Dans cet article présentant les premiers résultats d’une recherche sur un dispositif pédagogique mis en place dans le cadre d’une formation universitaire de professionnels de l’éducation en France, nous avons pu formuler quelques premières hypothèses concernant les remaniements subjectifs à l’oeuvre pour ces professionnels en formation. Nous avons précisé les conceptions du langage et du sujet qui soutiennent notre travail de recherche et notre pratique pédagogique, nous éloignant du concept d’identité au profit de celui de « je enseignant » (Blanchard-Laville, 2013). L’analyse du corpus que nous avons constitué pour ce travail nous a permis d’avancer l’hypothèse que l’un des enjeux de la formation des professionnels de l’éducation serait de proposer des dispositifs offrant une forme de réflexivité qui favorise la créativité professionnelle. Pour cela, nous avons pris soin, en nous appuyant sur des travaux récents dans le champ psychanalytique, de préciser la distinction entre la « réflexivité inconsciente » et la réflexivité Schönienne dont une lecture vulgarisée semble avoir fortement influencé les référentiels de compétence en usage dans l’Éducation nationale en France.

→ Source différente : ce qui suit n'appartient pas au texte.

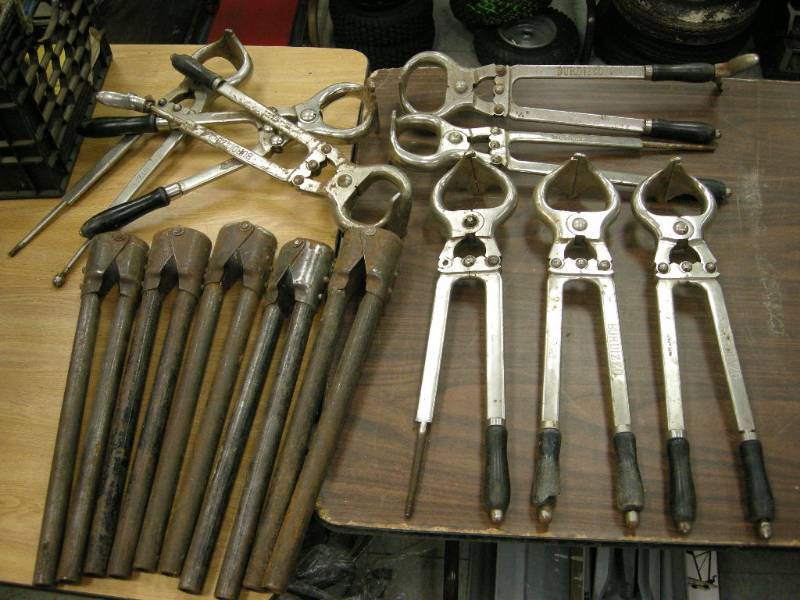 lot 172 image: Group Burdizzo, Other Castrations Tools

Ces hypothèses mériteraient des prolongements pour être davantage étayées. Par exemple, l’écriture monographique et la correspondance relevant en partie d’une forme d’écriture de soi – comme nous l’avons montré dans des recherches précédentes (Dubois, 2011 ; Geffard, 2015) –, il nous semble que « l’adresse plus ou moins implicite à un autre peut apparaître [...] comme un moyen permettant au sujet de se relier à lui-même, de s’éprouver et de se penser lui-même et donc de se transformer au sein d’un nouveau rapport à soi » (Jung, 2016, p. 48). De nouvelles pistes mettant en lien écriture de soi et réflexivité pourraient apporter des éclairages féconds sur les enjeux de formation des professionnels de l’éducation dans des dispositifs du type de celui que nous proposons.